Concernant sa carte d’accès à l’hémicycle de l’Assemblée nationale, l’ex garde du corps de Macron s’explique : « Moi, je ne considère pas cela comme un passe-droit. C’est une demande de ma part, cette carte. J’en avais bénéficié d’une avant Emmanuel Macron, en tant que collaborateur parlementaire bénévole. Je l’ai demandée tout simplement parce que j’aime aller à la salle de sport de l’Assemblée. C’est peut-être un caprice de ma part, je l’admets ».
Alexandre Benalla tient des propos très durs envers les syndicats de police. « Les syndicats de police ne disent que des conneries. Ils ont trouvé le moyen d’exister alors qu’ils sont très affaiblis au sein de la police nationale. Ça ne me touche », dit-il réagissant sur ses relations très tendues avec les syndicats de police.
« Je n’ai pas les codes nucléaires »
A la question de savoir pourquoi il a été habilité secret-défense, là aussi il s’explique : « on a accès à des informations sensibles quand on approche le président. J’ai eu droit à une enquête très poussée de la DGSI, j’ai une habilitation secret-défense, mais je n’ai pas les codes nucléaires ».
Alexandre Benalla dit avoir été victime d’un règlement de comptes internes de la police. « Je fais plus que l’imaginer : on a essayé de m’atteindre, de me ‘tuer’ et c’était l’opportunité aussi d’atteindre le président de la République. Les faits, je les assume, je ne suis pas dans la théorie du complot, c’est la réalité », dit-il.
« Il y a des gens qui travaillent autour de lui qui auraient pu »
L’ex garde du corps pointe du doigt des personnalités d’un niveau important. « Des politiques et des politiciens. Et je ne pense pas à Collomb, en qui j’ai confiance, je ne suis personne pour lui. Mais, il y a des gens qui travaillent autour de lui qui auraient pu… », ajoute-t-il.
Sur sa présence lors de la manifestation du 1er mai, Alexandre Benalla dira : « je ne demande pas à être observateur. Je suis invité à être sur place par Laurent Simonin, chef d’Etat-major de la préfecture de police. Il me dit un jour : ‘je te propose de participer sur le terrain au service en tant qu’observateur’… ce sont eux qui me proposent.

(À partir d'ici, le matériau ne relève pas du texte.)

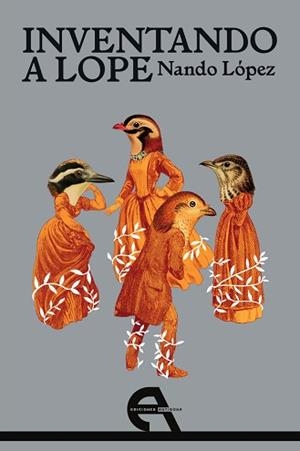 INVENTANDO A LOPE | 9788418119279 | LÓPEZ, NANDO | Llibreria L'Illa - Llibreria Online de Mollet - Comprar llibres online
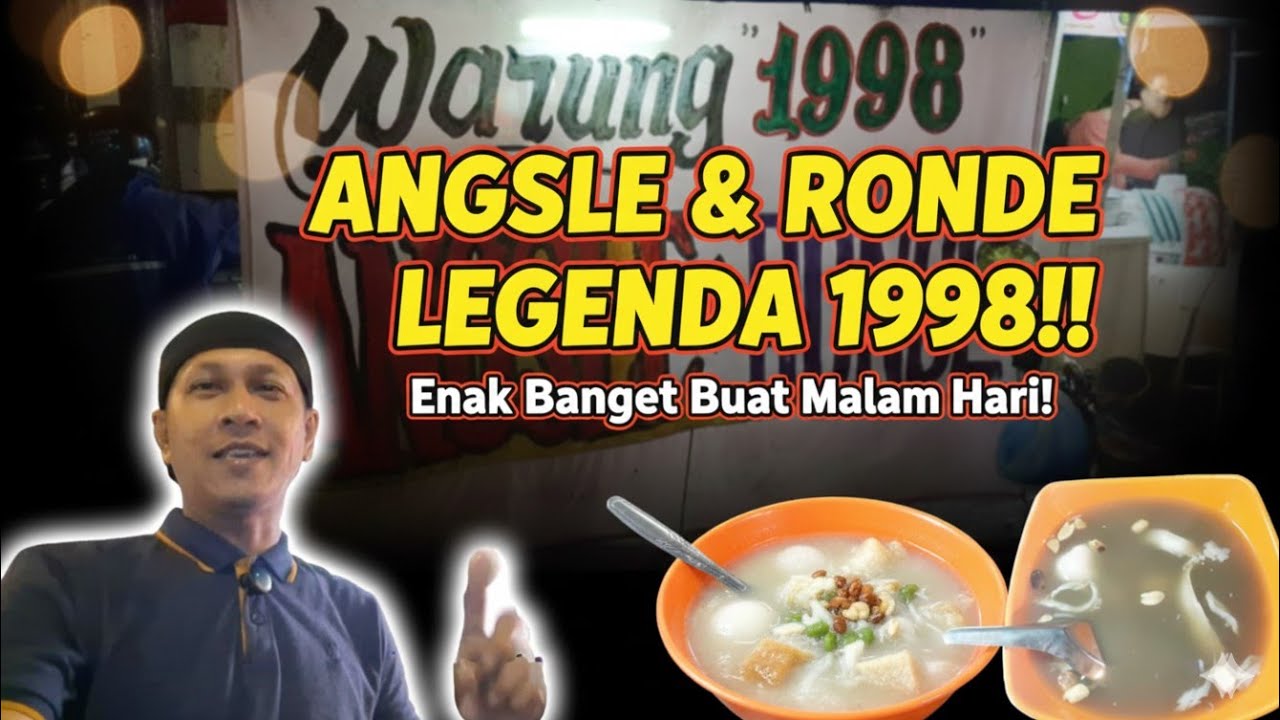 ANGSLE RONDE LEGEND di Surabaya Bikin Perut dan Tenggorokan Anget Parah ...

Contrairement à ce que dit le préfet quand il parle de copinage malsain, je n’ai jamais pris une bière ou mangé au restaurant avec Laurent Simonin ».
« C’est très bien, c’est une bonne expérience »

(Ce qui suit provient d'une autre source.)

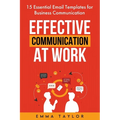 Effective Communication at Work: 15 Essential Email Templates for Business Communication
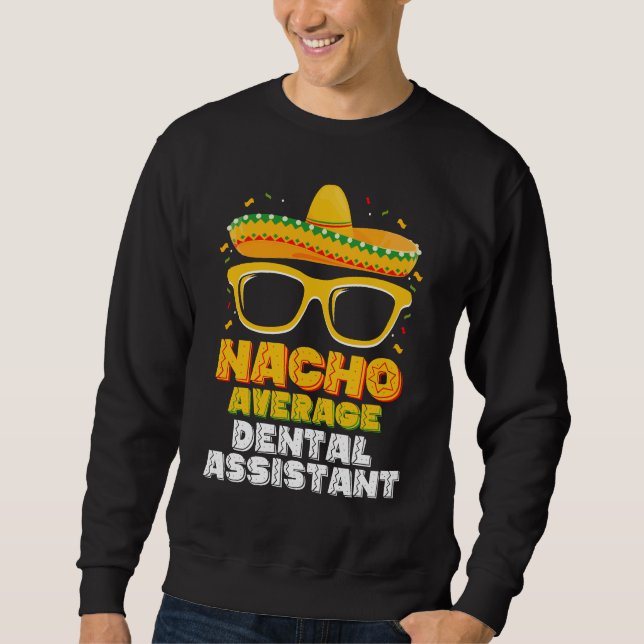 Sudadera Asistente Dental No Promedio Cinco De Mayo (Anverso)
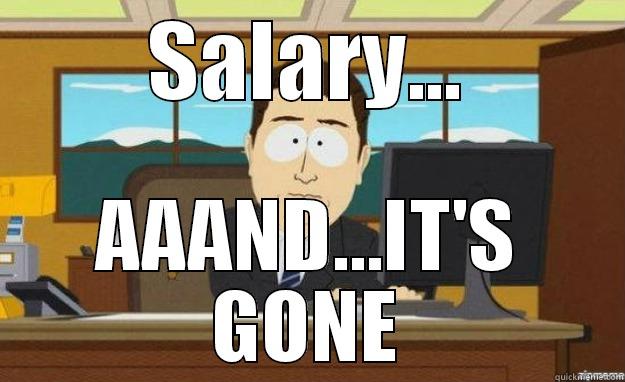 SALARY... AAAND...IT'S GONE aaaand its gone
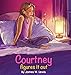 Courtney Figures It Out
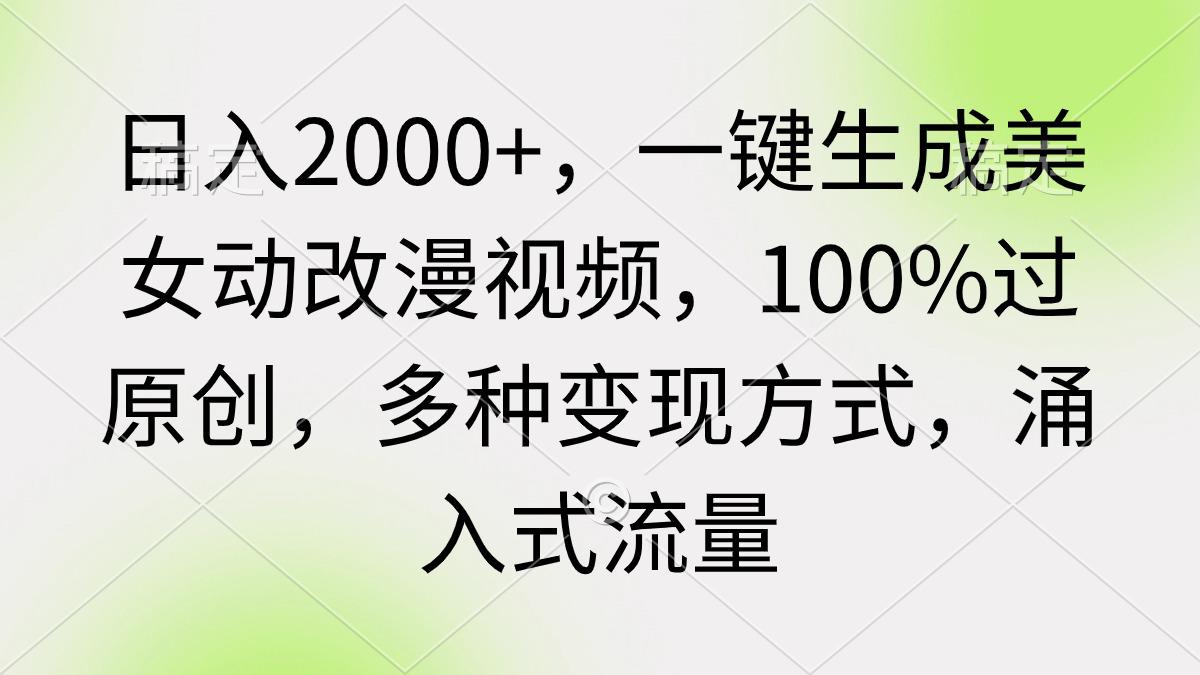 日入2000+,一键生成美女动改漫视频,100%过原创,多种变现方式 涌入式流量-阿灿学库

Et d’ajouter : « le 26 mars, je reçois le SMS de Simonin, puis le 27, je reçois un appel de Simonin qui me demande toutes mes mensurations. Ensuite, je vais voir le directeur de cabinet, Patrick Stzroda, je lui ai dit que j’ai été invité. Il me dit : ‘c’est très bien, c’est une bonne expérience’. En aucun cas, Stzroda ne sait que je vais me retrouver avec un casque sur la tête, à deux pas des casseurs, place de la Contrescarpe. »
Dans l’interview, Benalla a explique l’origine de l’équipement policier qu’il utilisait. « L’officier de liaison de l’Elysée vient deux jours avant la manifestation avec un sac qu’il me remet, avec un casque, un ceinturon en cuir, un masque à gaz, un brassard police et une cotte bleue marquée police et un grade de capitaine dessus. L’équipement reste dans mon bureau », dit-il.

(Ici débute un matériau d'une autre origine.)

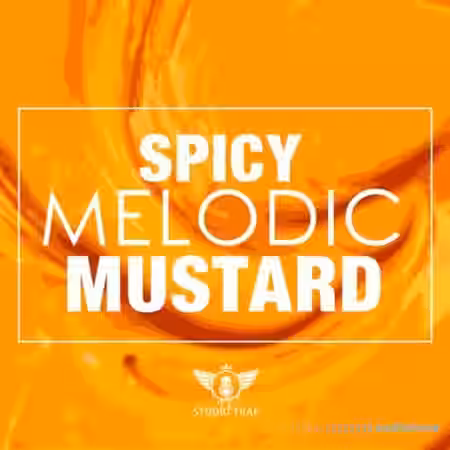 Studio Trap Spicy Melodic Mustard [WAV] - Sample Pack Artwork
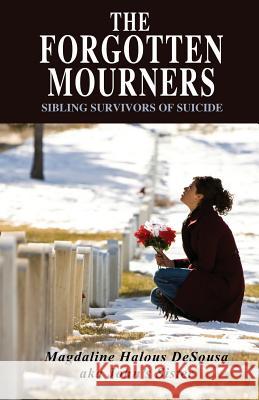 The Forgotten Mourners: Sibling Survivors of Suicide Desousa, Magdaline 9781432783686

« Tout le monde est en train de l’attaquer, il fait des réponses maladroites »
Et d’ajouter : « puis, j’ai un kit oreillette et le porte-radio. On me procure aussi des rangers et une radio. Je n’y connais rien, déjà je suis surpris. Je mets le brassard dans ma poche au cas où ça camphre. Je rends la radio pour savoir ce qui se passe, dans la salle, je n’ai pas parlé à la radio. Vous pouvez chercher cet enregistré, je n’ai aucune légitimité à parler ».
Alexandre Benalla dit savoir qu’il était filmé dès le début de la manifestation. Sur les déclarations de Gérard Collomb qui, lors de son audition, disait ne pas connaître Benalla, l’ex garde du corps de Macron, réagit : « je me mets à sa place. Je pense que la connerie vient d’un échelon qui reste à déterminer à la préfecture de police. Il pense que ce n’est pas sa connerie à lui. Tout le monde est en train de l’attaquer, il fait des réponses maladroites ».